Lesion size index (LSI) integrates contact force, radiofrequency current and lesion duration to provide real-time lesion formation data. To describe LSI performance and outcomes in patients undergoing cavotricuspid-isthmus (CTI) ablation at the Hospital of the University of Pennsylvania. All patients undergoing CTI-only ablation using TactiCath ablation catheter and EnSite Precision mapping were retrospectively reviewed for clinical characteristics and individual lesion data including LSI, force-time integral (FTI, gs), mean contact force (CF, g), lesion duration (s) and number of lesions. We report the 1 year procedural outcome.
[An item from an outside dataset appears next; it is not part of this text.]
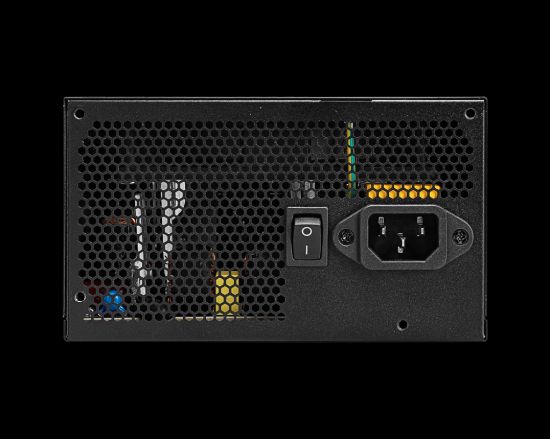 MSI MAG A550BNL 550W 80+ BRONZE POWER SUPPLY resmi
Between April ‘18 and December ‘19, 21 patients underwent CTI-only ablation with 100% acute procedural success (bidirectional block), no procedural complications, and no clinical recurrence after 1 year. One patient (4.8%) required redo ablation after 17 months (no clinical recurrence, but chronic reconnection was documented during atrial fibrillation ablation). Clinical characteristics (median, interquartile range [IQR]) were as follows: age 65 years (58-68), EF 55% (38-65%), CHADS-Vasc score 2 (1-4), and 19/21 were men (90.5%). A total of 605 lesion points were analyzed (median 24 lesions per patient, IQR 15-32). Lesion parameters (average, standard deviation) were as follows: LSI 5.2±0.8, FTI 238±135gs, CF 15.5±7.7g, lesion duration 16.9±10.4s. LSI best correlated with mean CF (r = 0.68) followed by FTI (r = 0.39); there was no correlation with lesion duration (r = -0.07). LSI can safely guide successful CTI ablation with mean of LSI 5.2 correlating with mean CF of 15.5g and mean FTI of 238gs.